• [AIM OF THE TASK] An exact transcription of all the entries is needed; pictures stay out.

• [RECORDS TO PROCESS]
Start of Block

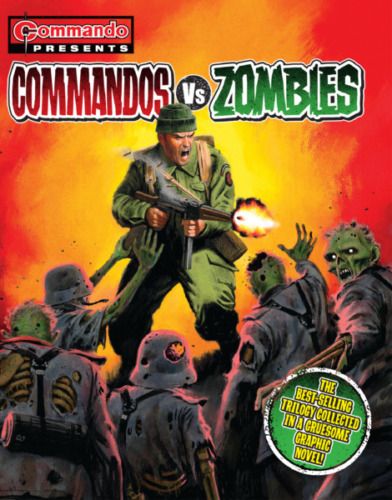 The living dead rise again in Commandos vs Zombies the graphic novel collection! Take a bite out of this trilogy before it bites you first! Get it on Amazon or Magsdirect here: buff.ly/3EARmBG - QM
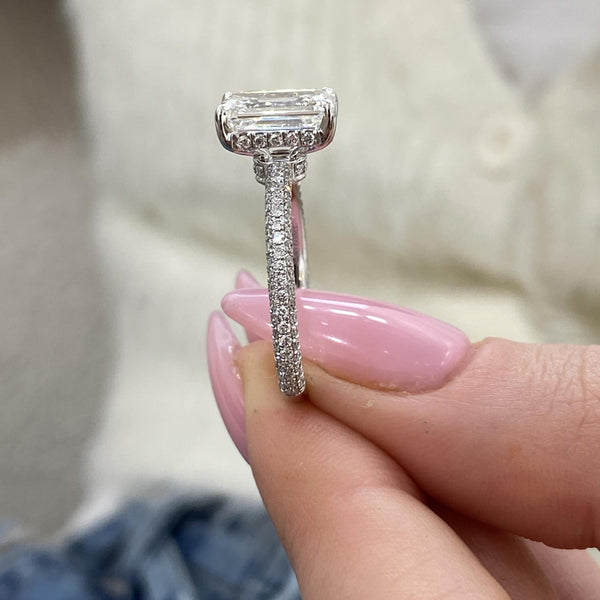 AD0063R04-W_6.5 Engagement Ring 3.10 carat, 18K gold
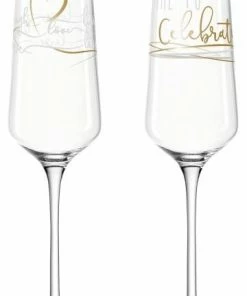 Leonardo 2 Sektgläser PRESENTE 280 Ml ′Celebrate′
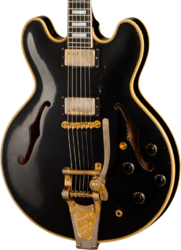 Semi hollow elektriche gitaar Gibson Custom Shop Keith Richards 1960 ES-355 Collector's Edition Signed #KRSL131 - Murphy lab aged ebony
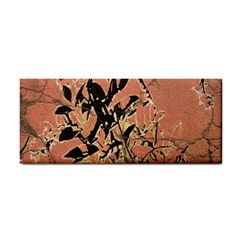 Floral Grungy Style Artwork Hand Towel by dflcprintsclothing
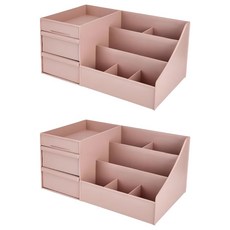 Edish 化妝品收納盒/小物收納盒 中號, 2個, 顏色隨機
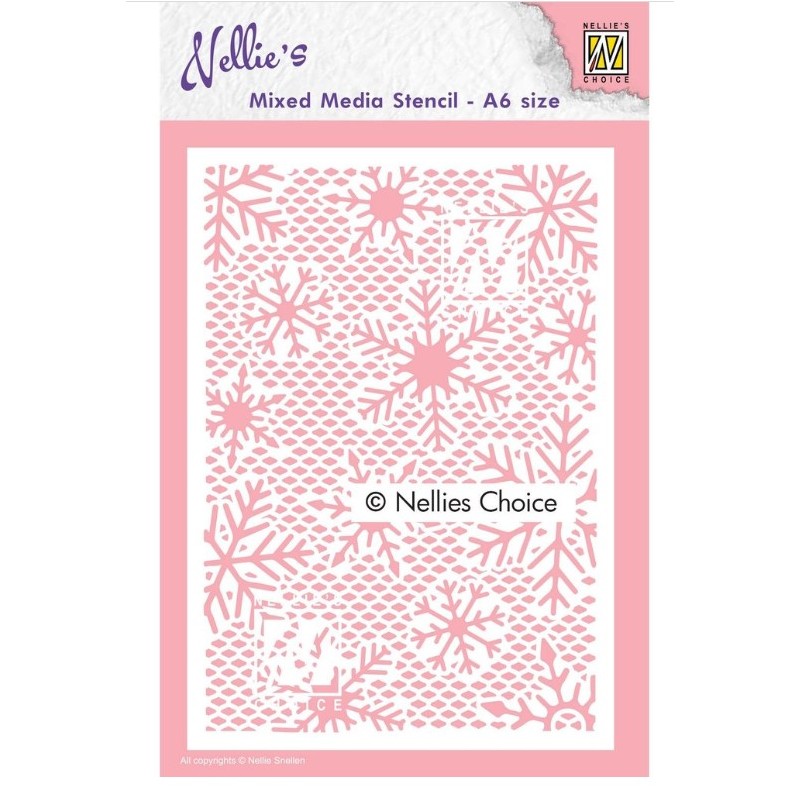 Nellie Snellen • Stencil A6 Size Small Snowflakes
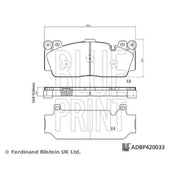 Blue Print Front Brake Pad Set ADBP420033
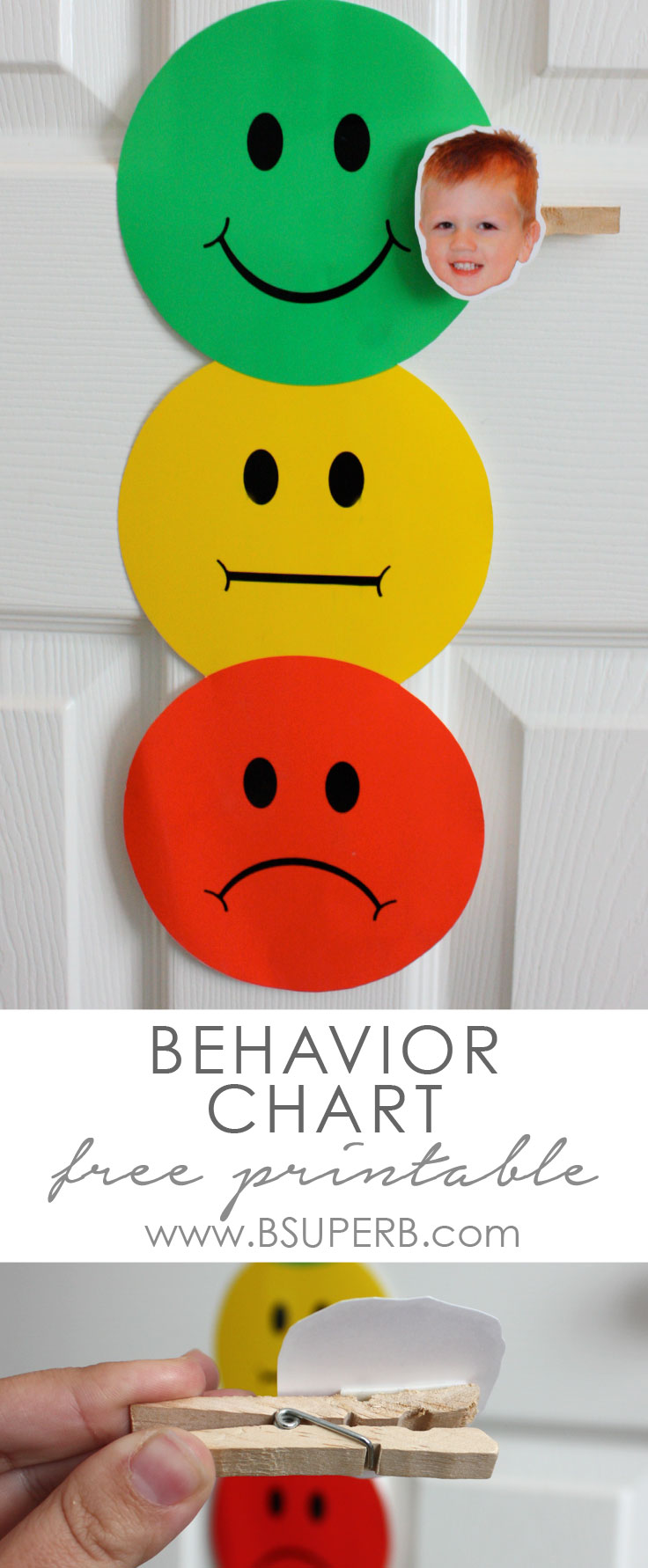 Toddler Behavior Chart with Free Printable and Instructions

End of Block

• [SOLUTION FOR THIS PROBLEM]
 The living dead rise again in Commandos vs Zombies the graphic novel collection! Take a bite out of this trilogy before it bites you first! Get it on Amazon or Magsdirect here: buff.ly/3EARmBG - QM
 AD0063R04-W_6.5 Engagement Ring 3.10 carat, 18K gold
 Leonardo 2 Sektgläser PRESENTE 280 Ml ′Celebrate′
 Semi hollow elektriche gitaar Gibson Custom Shop Keith Richards 1960 ES-355 Collector's Edition Signed #KRSL131 - Murphy lab aged ebony
 Floral Grungy Style Artwork Hand Towel by dflcprintsclothing
 Edish 化妝品收納盒/小物收納盒 中號, 2個, 顏色隨機
 Nellie Snellen • Stencil A6 Size Small Snowflakes
 Blue Print Front Brake Pad Set ADBP420033
 Toddler Behavior Chart with Free Printable and Instructions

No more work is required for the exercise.